The long-awaited Monday morning – River Assault:

Having attended last year I knew what to expect on the first morning of live fire training. Make sure there is plenty of coffee and scrambled eggs, anything else is a bonus. It was interesting to watch how the four new folks were reacting to it. Their anxiety level was most certainly elevated, mainly because of their uncertainty of what the hell they’d signed up for, but also the intensity of the room. I’ve trained with MVT half a dozen times now and during Texas week Max’s intensity level is highly palpable, to the point where you can cut the air with a knife. The atmosphere blankets you and you realize very quickly that this is some serious shit.


River Assault:Training starts at 8:00 sharp. Max sets the tone for the importance of safety and then moves into the lecture. After the lecture explaining what we are expected to do we rehearse it and then go do it. The River Assault is designed “in my opinion” for Max to see where the class is at with basic contact deployments and fire & maneuver. Max stresses the importance of staying on-line as we bound towards an enemy position, proper communication between alpha and bravo buddy pairs, situational awareness of each student, individual and team aggression, safety selector manipulation, and safety angles. This drill encompasses all of this. We start by patrolling through an area of thicker brush from an elevated position relative to the enemy. Contact is initiated from a flank fire position, and we roll into it. After the enemy is suppressed, we move forward bounding by buddy pairs and assault through the position. The limit of advance is reached, tacmags are performed, and team status is relayed to the team leader. Then we continue to move forward towards the river by bounding overwatch until we spot another enemy in depth. We engage the enemy, suppress, bound forward, assault through and LOA. The way the depth targets are set up in relationship to the terrain, the team has to re-orient themselves by swinging the line in order to attack from a straight-ahead position. Re-orienting is more difficult than you would think because if one person gets too far ahead or is behind, everything goes to shit. We ran the drill a second time but instead of ‘assaulting through’ the enemy position, we ‘fight through’

The drills are super high intensity. They essentially break the ice and set the stage for what is to come for the remainder of the week. This is where students who have never been to Texas Week realize the overall scale of the terrain, the difficulty of the terrain, the physical fitness needed to perform there, and the pure chaos of what a firefight could potentially look like in real life.

I don’t want to describe every drill in detail that is performed throughout the course of the week because if you read this and become interested in attending, I would hate to ruin the surprise. What I will say is that Max does a phenomenal job of building on each day as we move through the week. He peels apart the complexities of squad tactics like an onion, with each layer becoming more and more complicated and sophisticated. His training methods are extraordinary. I truly feel like, in fact I know that there is nowhere else in the states, possibly the globe that civilians can receive this type of training.
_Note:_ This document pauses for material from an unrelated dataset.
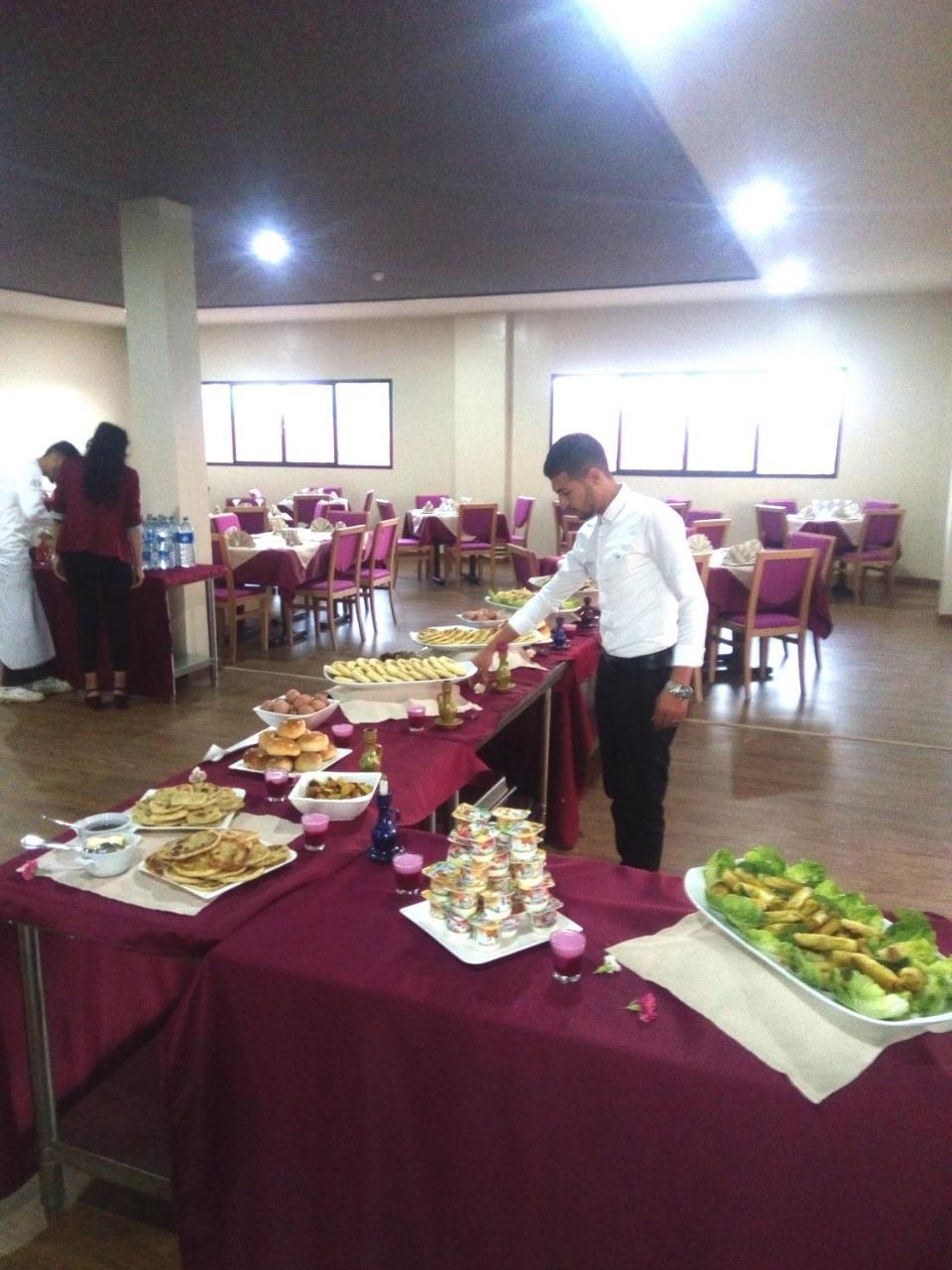 Green Cactus Hotel Benguerir Zewnętrze zdjęcie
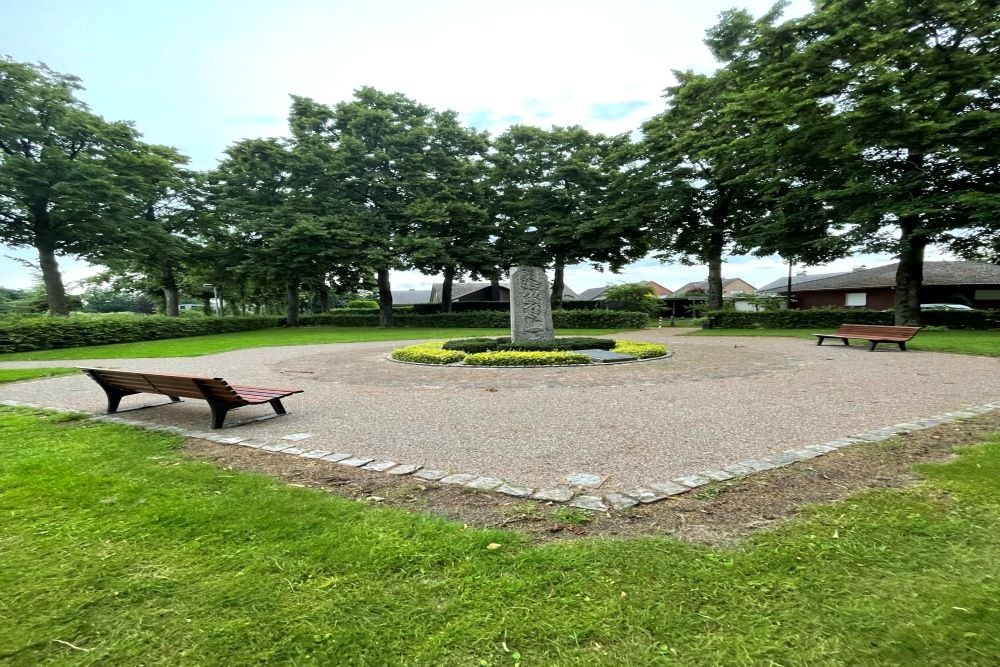 War Memorial Ottenstein #4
I commend Max for being brave enough to teach it, and I’m grateful that I’m a part of it. I will end with saying that in one particular iteration of assault sequencing on Friday I felt like it was the best and most profound training that I have ever been a part of in my life. Our squad received
multiple casualties, one of which was fatal, and every student did such a great job acting out the scenario that it felt real enough for some of us to get shaken up. To quote the leader of the Colorado crew, “The last thing we ever want to do is to actually have to do this shit for real, but if we have to, we need to know how to do it well. You can’t do this shit with a pick-up team.”

Chad S, aka SQUIRREL

NOTE: The Texas Live Fire class, in its current iteration, is an MVT Alumni class, which requires attendance on a HEAT 1 class. This is to ensure familiarity with the basics of safety and performance of drills, before progressing onto this class. Texas is a hybrid class that covers aspects of the HEAT 2 class, with additional training that we are unable to cover on HEAT 2 at the West Virginia VTC, due to the available terrain.